Als längjähriges ver.di-Mitglied und Teilnehmer bei Aktionen gegen TTIP und CETA des Vereins "Mehr Demokratie" kann ich nur begrüßen, dass sich auch ver.di dazu entschlossen hat, dem Bündnis für die Bürgerinitiative gegen TTIP beizutreten. Auch die Ausführungen von Werner Rügemer kann ich nur unterschreiben. Und doch fehlen meiner Meinung nach einige enorm wichtige Informationen aus diesem "Vertragswerk". Was für mich viel, viel gravierender ist, ist die sogenannte "Ewigkeitsklausel", in der festgelegt werden soll, dass ein Ausscheiden eines Staates aus diesem "Abkommen" nur noch dann möglich ist, wenn alle - ich betone alle - anderen Staaten bzw. Regierungen zustimmen, und dieser Zeitraum erstreckt sich zunächst über 20 Jahre. Das bedeutet nichts anderes, als dass selbst neu gewählte Regierungen, die das Abkommen ablehnen, weil sich die Erwartungen nicht erfüllt und die Repressionen die Armut der Menschen erhöht haben, dieses Abkommen de facto gar nicht mehr aufkündigen können.

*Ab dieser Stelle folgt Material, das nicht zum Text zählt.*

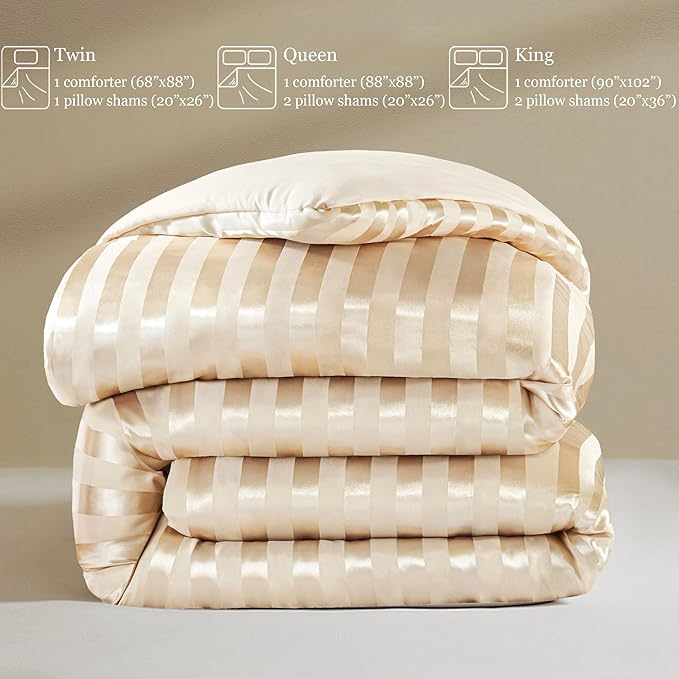 Whale Flotilla 3-Piece Reversible Silky Soft Queen Comforter Set, Luxury Stripe Satin Comforters Full Size Bedding Set with 2 Satin Pillowcases, Lightweight Duvet for All Seasons, Champagne
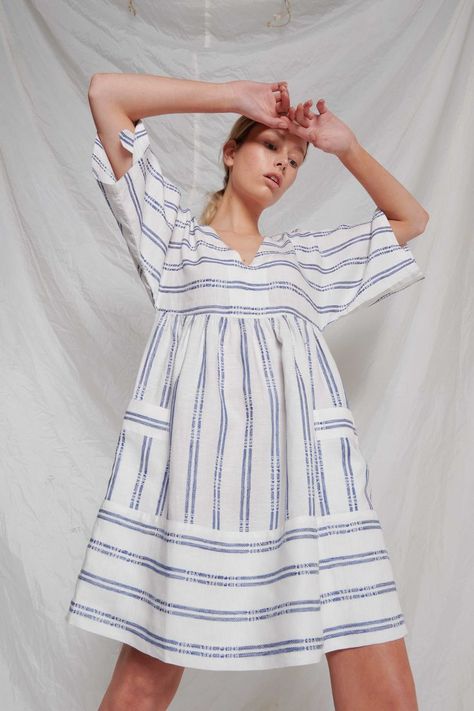 Resort Lookbook, Slow Clothing, Linen Stripes, Striped Linen Dress, Stylish Short Dresses, Resort Fashion, Casual Wear Dress, T Dress, Gathered Dress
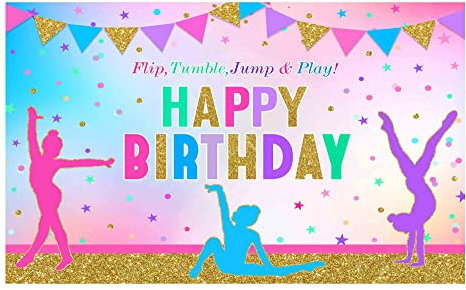 Funnytree Regenbogen Gymnastik Geburtstag Thema Party Hintergrund für Mädchen Turner Tumbling Flip Jump Tumble und Play Decor Supplies Kuchen Tisch Banner Photo Booth Requisiten Fotografie Hintergrund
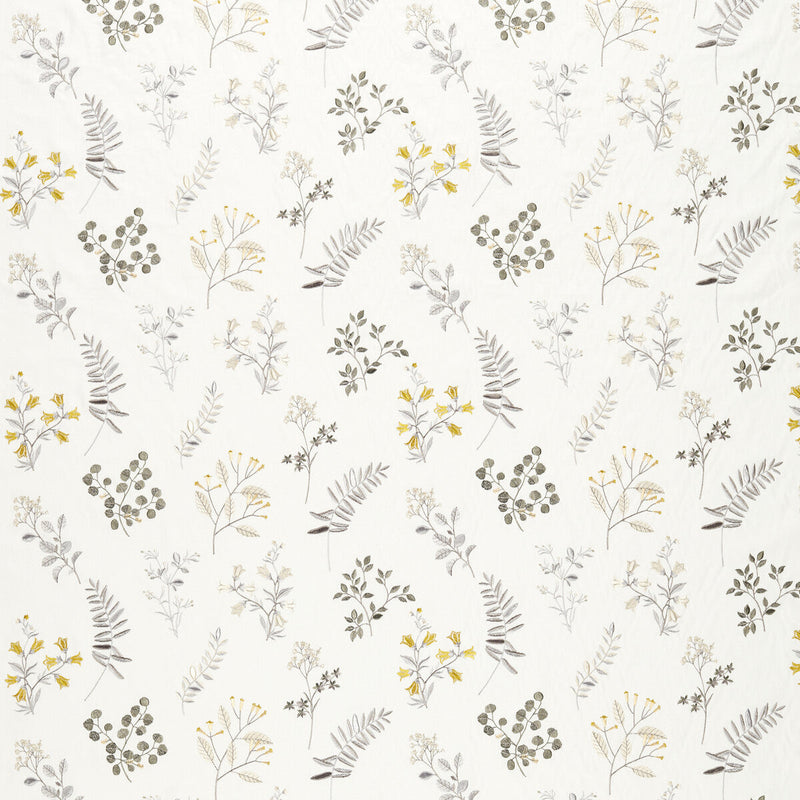 CLARKE AND CLARKE - BRIGITTE- PEWTER/CHARTREUSE - Fabric by the Yard PEWTER/CHARTREUSE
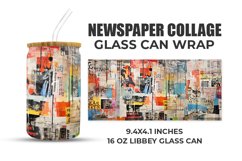 Newspaper Collage Glass Can Wrap Product Image 1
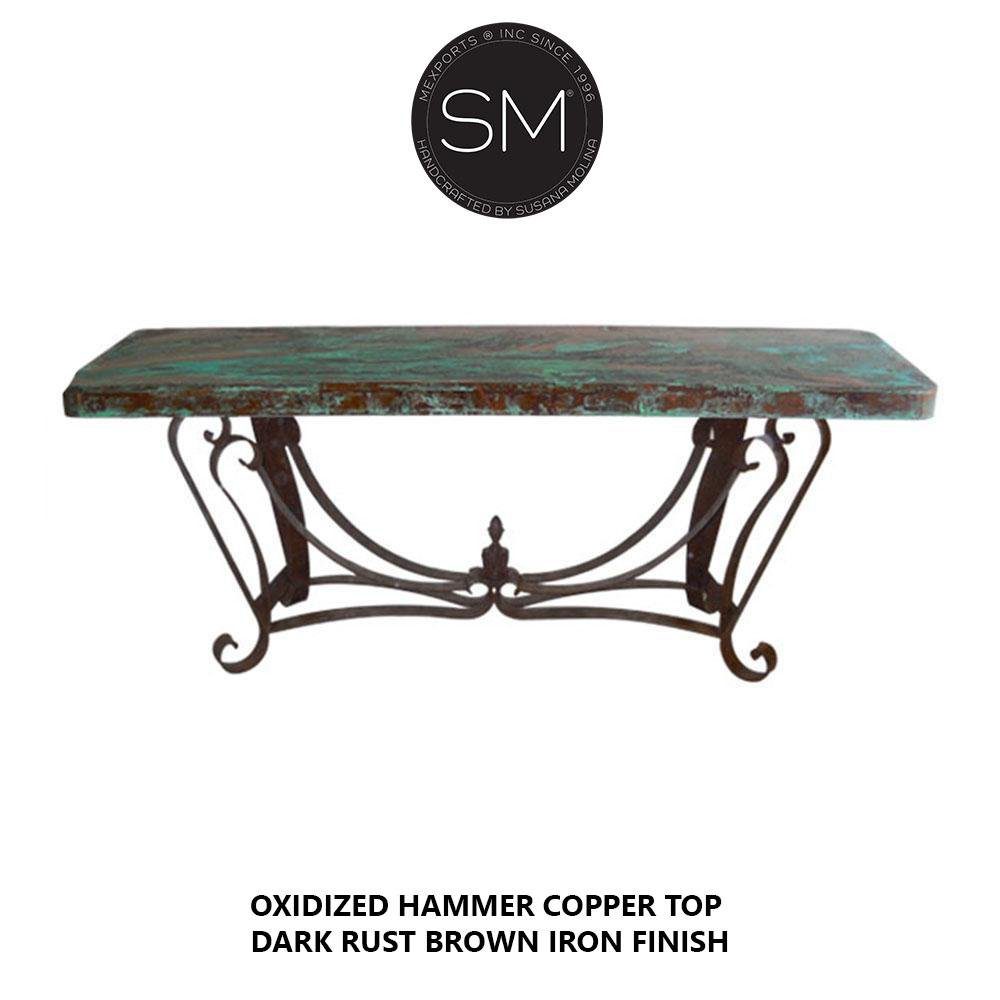 Mexports by Susana Molina 1229CC 72" Oxidized Hammered Copper With Nailheads on Edge Rectangular Entryway Console Table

Damit wird jede demokratische Wahl diesbezüglich wirkungslos, fast schon obsolet. Leider wird diese Information bislang kaum weitergegeben oder veröffentlicht. Nicht umsonst halten führende Rechtswissenschaftler dieses Vertragswerk für grundgesetzwidrig. Aber das scheint ja unsere Regierung, speziell Frau Merkel und auch Herrn Gabriel nicht zu stören. Im Gegenteil: Herr Gabriel lässt ein Gegengutachten anfertigen, bei einem "Gutachter", der selbst als Vertreter in einem solchen Investor-Staat-Schiedsgericht als "Richter" sitzt. Und Frau Merkel steht ja sowieso dazu, unsere Demokratie marktkonform zu machen. Damit muss die Frage gestellt werden, wie demokratisch die Einstellung unserer Regierungsvertreter ist, und wie das zu dem Amtseid passt: Nutzen für das Volk zu mehren und Schaden vom deutschen Volk abzuwenden.

Albert Wagner, Bochum

Als Sozialdemokrat und 94-jähriger Berliner frage ich, wie es sein kann, dass in unserer Demokratie irgendwelche Lobbyisten im Geheimen mit den USA Verhandlungen über das TTIP-Freihandelsabkommen führen? Die Auswirkungen spürt doch das ganze Volk! Warum ist so etwas in der EU möglich, und die deutsche Regierung und auch die anderen weisen das nicht scharf zurück? Aber Frau Merkel und Herr Gabriel sind ja begeistert von dem Pakt. Was ist das für eine "Führungs-Elite", die die EU vertritt? Wo soll denn da ein Vertrauen in Europa herkommen? Kein Wunder, dass die AfD so viele Stimmen bekommt. Was können wir, das Volk, dagegen unternehmen? Vielleicht kann mir mal jemand antworten?

Gerhard Findeisen, Berlin


Zurück zu den Wurzeln der Höflichkeit, Genderdebatte in ver.di publik 7 + 8_2014

Als frisches ver.di-Mitglied halte ich meine erste publik in Händen - und habe, ohne es zu erwarten, etwas gelesen, das mich inspiriert, meine Art zu leben bzw. zu schreiben zu überdenken. Danke für diesen Leserbrief. Ich finde es jetzt bewusster, schöner und wertschätzender, wenn ich Frauen und Männer gleichermaßen ausgeschrieben anspreche. Es verlangsamt ggf. etwas den Lese- und Schreibfluss, ist aber nicht so holprig wie die Schrägstrichvarianten und für mich auch eine gute Entschleunigungsmaßnahme in unserer hektischen, auf Effizienz ausgerichteten Zeit. Die Höflichkeit, die wir übrigens den Frauen an "Hofe" nach dem 30-jährigen Krieg zu verdanken haben, gebietet es natürlich, die Frauen zuerst zu nennen. Da haben die Frauen, nach den männlich dominierten Kriegsjahren die Gelegenheit, aber auch die Notwendigkeit verspürt, sich aktiv einzubringen und ihren Bedürfnissen Raum zu verschaffen. Wenn das Ringen um die beste und gerechteste Formulierung etwas aus den Fugen gerät, sollten wir das Ziel nicht vergessen: eine wertschätzende, den/die andere(n) in seiner Gleichheit und Unterschiedlichkeit (be-)achtende Umgangsform.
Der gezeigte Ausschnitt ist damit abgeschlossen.